The recent turn of events in North Korea with its alleged admission to possessing nuclear weapon has created nervous tension in the Far East region. Specifically, North Korea has recently transformed the existing bilateral U.S.-ROK alliance into an awkward triangular ROK-U.S.-DPRK dynamic, significantly complicating the previous bilateral relationships amongst the three as well as making these relationships more difficult to manage. We will trace the development of these relations, to gain a better insight into this long standing conflict and to assess better the future implications surrounding these tensions.
Background History of Korea
At the turn of the century, Korea was annexed by the neighboring Japan, ending the rule of Korean dynasty and independence. Korea was under Japanese control for 35 years from 1910-1945 and the colonial rule was highly repressive and exploitative. Freedom of speech and press was non-existent, human rights were completely disregarded, farm lands were confiscated under various pretexts, economic and educational opportunities were extremely limited, and Korean workers and peasants alike were exploited under the repressive rule of the Japanese.

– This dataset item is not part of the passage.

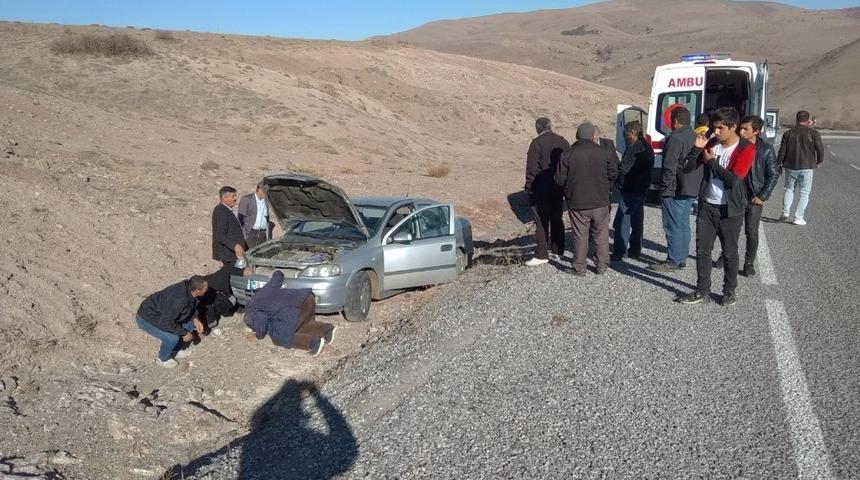 Otomobil yoldan &ccedil;ıktı: 2 yaralı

Japanese surrendered to the Allies on August 15 1945, and the Cairo Declaration of December 1943 issued by the British and US leaders stated that "in due course Korea shall become free and independent". The USSR accepted the Cairo agreement, but proposals made by the USA in 1945 led to the division of Korea into two military zones: the area south of the 38th parallel line under US occupation and the northern area under the Soviet control.
In 1948, after some quarrels over the type of state to be established in the Korean Peninsula, the two ...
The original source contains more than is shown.